Émissions nettes par type de fonds d'investissement - 2024 T1

Source: EFAMA (les fonds actions et obligations comprennent des ETFs)

Davantage d’émissions dans les fonds obligataires et ETFs

Au 1er trimestre 2024, les actifs nets des organismes de placement collectifs européens ont progressé de 4.4% sur un trimestre (+11% sur un an), reflétant la croissance sur les marchés boursiers. Les émissions nettes dans les fonds (+106 Mia EUR) poursuivent les tendances de 2023 : de solides entrées nettes dans les fonds obligataires et les ETFs d'actions et des sorties nettes des fonds multi-actifs.

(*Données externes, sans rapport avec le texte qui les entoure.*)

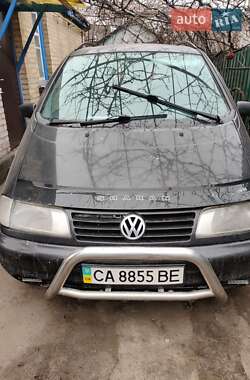 Мінівен Volkswagen Sharan 1999 в Черкасах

Les émissions nettes dans les fonds obligataires ont été historiquement élevées au 1er trimestre 2024, dans un contexte de ralentissement de l'inflation et d’anticipations d’abaissement des taux directeurs. Les fonds indiciels (ETFs d’actions et obligations) sont à l’origine de la moitié des émissions nettes en Europe (et plus généralement dans le monde). Ce type de fonds est principalement domicilié aux Etats-Unis et en Irlande, qui détient 71% des ETFs européens et qui enregistre le plus important montant d’émissions nettes sur le continent.

Le Luxembourg se démarque, comme en 2023, par des sorties nettes de fonds d’investissement au 1er trimestre (-6 Mia EUR), notamment pour les fonds en actions et les fonds multi-actifs. Les émissions nettes étaient encore négatives en avril (-5 Mia EUR) mais sont passées en territoire positif en mai (+9 Mia EUR).

Énergie

Part des voitures Électriques

Sources: SNCA, STATEC (dernières données : juin 2024)

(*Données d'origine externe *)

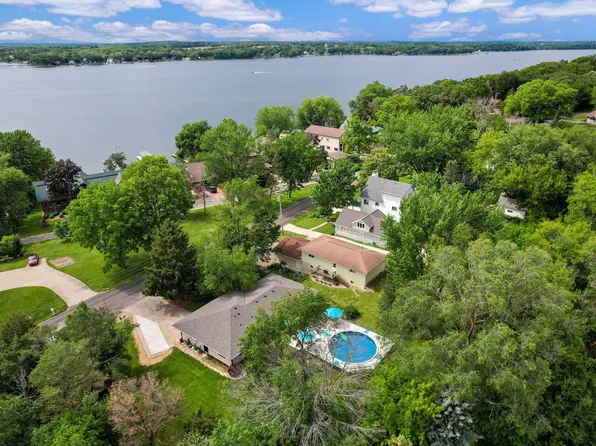 2680 Tower Rd, Mc Farland, WI 53558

Progression des voitures électriques au Luxembourg

L'électromobilité a poursuivi son essor au Luxembourg au cours du 1er semestre 2024. La part des véhicules purement électriques dans les nouvelles immatriculations a atteint 27% sur cette période, contre 21% au 1er semestre 2023. Cette proportion significative commence à se refléter dans la composition du parc automobile, avec désormais 6% du stock total constitué de voitures électriques (environ 28 000 véhicules), contre seulement 1% au début de 2021.

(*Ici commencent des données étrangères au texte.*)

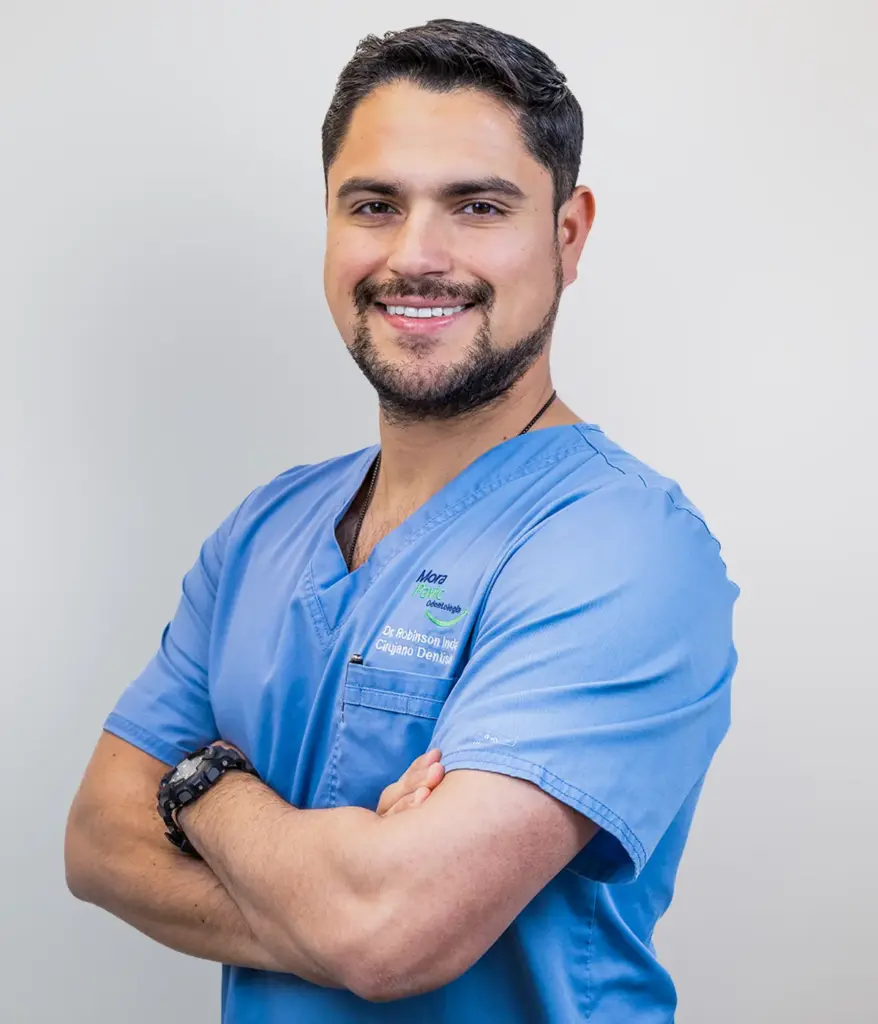 Dr. Robinson Inda, especialista en encías.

Cette croissance dans le stock au Luxembourg est légèrement freinée par l'exportation de véhicules électriques à l’étranger. En effet, après avoir appartenu à un premier propriétaire, les voitures électriques sont davantage exportées à l'étranger que vendues sur le marché de l'occasion au Luxembourg (800 exportations au premier semestre 2024 contre 500 voitures sur le marché national de l’occasion). Cette tendance s'explique par la forte proportion de voitures électriques immatriculées en leasing, qui sont vendues à l’étranger par les entreprises détentrices après la fin des contrats de leasing.

Finances publiques

Recettes fiscales (en base caisse)

Sources: Administrations fiscales, STATEC

Des recettes fiscales bien orientées

Les recettes (hors cotisations sociales) encaissées par l’Etat sur les 6 premiers mois de 2024 ont progressé de 11.4% sur un an. Elles ont principalement été portées par les soldes d’impôts sur les sociétés encaissés au 2e trimestre et par la remontée des taux de TVA.

La forte hausse des impôts sur les sociétés observée au 1er semestre (+32% sur un an) résulte principalement de soldes relatifs à des exercices fiscaux de quelques sociétés pour des années antérieures. Ces derniers ont quasiment doublé par rapport à l’année précédente, alors que les avances affichent une progression de 9%. La croissance des impôts sur les ménages ralentit à 8.2% sur un an (après +12% en 2023), dans le contexte d’une inflation moins élevée et de l’adaptation des barèmes d’imposition. Les recettes sur TVA (+9.6%, contre +0.1% en 2023) profitent de la remontée des taux. La taxe d’abonnement bénéficie quant à elle de la hausse des valorisations des actifs des fonds d’investissement. En revanche, les droits d’enregistrement sur les transactions immobilières continuent de se replier (-23% après -52% en 2023).